提取表达矩阵后,我们需要对提取到的数据进行质量检测,看看分组是否正确等等。在这里分别使用PCA聚类的方法对表达矩阵进行分析。一般而言,两者之一都可以作为表达矩阵质量分析的可视化结果,在此处为了展示方式方法的多样性,我们都将其进行展示。

1
2
3
4
5
6
7
8
9
10
11
12
# using pca to exmain the data quality
library(factoextra)
library(FactoMineR)

group <- c(rep('tumor',11), rep('normal',11))
expr.pca <- PCA(expr,graph = F)

fviz_pca_ind(expr.pca,
geom.ind = "point",
col.ind = group,
addEllipses = TRUE,
legend.title = "Groups")

1
2
#cluster for exmaining the data quality
plot(hclust(dist(expr)))

两种分析都将tumor和normal group清晰地分开,说明表达矩阵质量良好。

Step 04 差异表达分析

本次差异分析使用DESeq2进行,由于DESeq2要求输入的表达矩阵数据是原始的counts数据,而TCGA上表达矩阵的值是进行过log2(count + 1)校正的,因此在差异分析之前,需要进行un-normalized

1
2
3
4
5
6
7
8
9
10
11
12
library(DESeq2)

# un-normalization
dat <- as.data.frame(t(expr))
# un-normalization
dat <- 2^dat - 1
dat <- ceiling(dat)
dat[1:3,1:3]
## TCGA.E2.A1L7.01 TCGA.BH.A1FC.01 TCGA.E2.A1LS.01
## ARHGEF10L 907 815 663
## HIF3A 3 4 237
## RNF17 0 1 0

DESeq2分析过程中,会将表达矩阵存储在dds对象中,以存储中间变量和进行一部分计算。

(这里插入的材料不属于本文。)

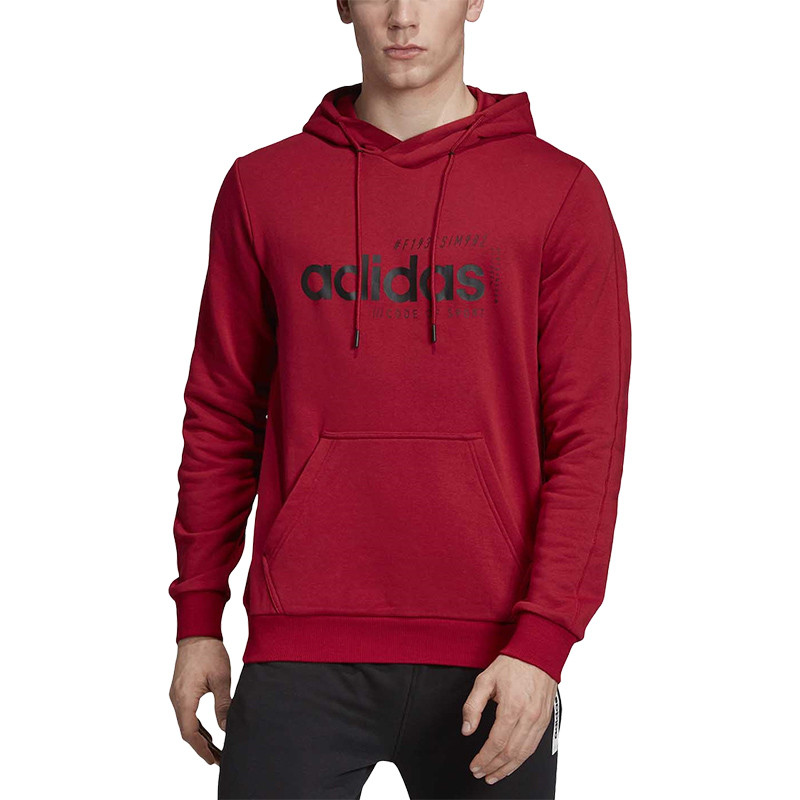 Толстовка мужская Adidas Brilliant Basics красная EI4637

dds对象的构建需要包括以下几方面数据:

  • Raw counts matrix:行为基因,列为样本的基因表达数据
  • colData :存储样本信息
  • design formula:指明在模型中的变量,并用于估计模型的离散值log2 fold changes
1
2
3
4
5
6
7
8
9
10
11
12
13
14
15
16
17
18
19
20
21
22
23
24
25
26
27
28
29
30
# Transforming to dds object
group_list <- factor(rep(c('tumor','normal'), each = 11))
colData <- data.frame(row.names=colnames(dat),
group_list=group_list)

dds <- DESeqDataSetFromMatrix(countData = dat,
colData = colData,
design = ~group_list,
tidy = F)
dim(dds)
## [1] 20530 22

# filtering very low-expression data
table(rowSums(counts(dds)==0))
# keep rows at least have almost 70% samples being detected
keep <- rowSums(counts(dds)==0)< 16
dds <- dds[keep, ]
counts(dds)[1:10,1:3]
dim(dds) # more than 2,000 genes being romoved
## [1] 18423 22

# Performing differential expression analysis
dds <- DESeq(dds)
# Extracting transformed values
vsd <- vst(dds, blind = F)

# specifying the contrast in model using to estimate the fold change and p-value
contrast <- c("group_list","tumor","normal")
dd1 <- results(dds, contrast=contrast, alpha = 0.05)
plotMA(dd1, ylim=c(-2,2))

Before lfcShrink

MA-plot用于可视化fold change与gene counts之间的关系,默认情况下P < 0.1的值会被标红,而超过y轴范围的值则以三角形表示
lfcShrink可对log fold change进行矫正以消除低表达基因带来的误差

1
2
3
4
5
6
7
8
9
10
11
12
13
14
15
16
17
18
19
20
21
22
23
24
25
26
27
# lfcShrink
dd3 <- lfcShrink(dds, coef = "group_list_tumor_vs_normal", res=dd1, type='apeglm')
dd3
plotMA(dd3, ylim=c(-2,2))
summary(dd3, alpha = 0.05)
## out of 18423 with nonzero total read count
## adjusted p-value < 0.05
## LFC > 0 (up) : 4054, 22%
## LFC < 0 (down) : 2837, 15%
## outliers [1] : 0, 0%
## low counts [2] : 0, 0%
## (mean count < 0)
## [1] see 'cooksCutoff' argument of ?results
## [2] see 'independentFiltering' argument of ?results

# considering genes which fold change > 2 or <0.5 and adjusted-p <0.05 as significantly differential expressed
sig <- abs(dd3$log2FoldChange)>1 & dd3$padj<0.05
res_sig <- dd3[sig,]
summary(res_sig)
## out of 4215 with nonzero total read count
## adjusted p-value < 0.05
## LFC > 0 (up) : 2255, 53%
## LFC < 0 (down) : 1960, 47%
## outliers [1] : 0, 0%
## low counts [2] : 0, 0%

save(dd3,res_sig,vsd, file = '.../data/TCGA_TNBC_DE.Rdata')

After lfcShrink

火山图展示fold-change与p-value的关系

1
2
3
4
5
6
7
8
9
10
11
12
13
14
15
16
17
18
19
20
21
22
23
24
# visualization
library(ggplot2)
library(ggthemes)

res <- as.data.frame(dd3)
res$threshold <- as.factor(ifelse(res$padj < 0.05 & abs(res$log2FoldChange) >=log2(2),ifelse(res$log2FoldChange > log2(2) ,'Up','Down'),'Not'))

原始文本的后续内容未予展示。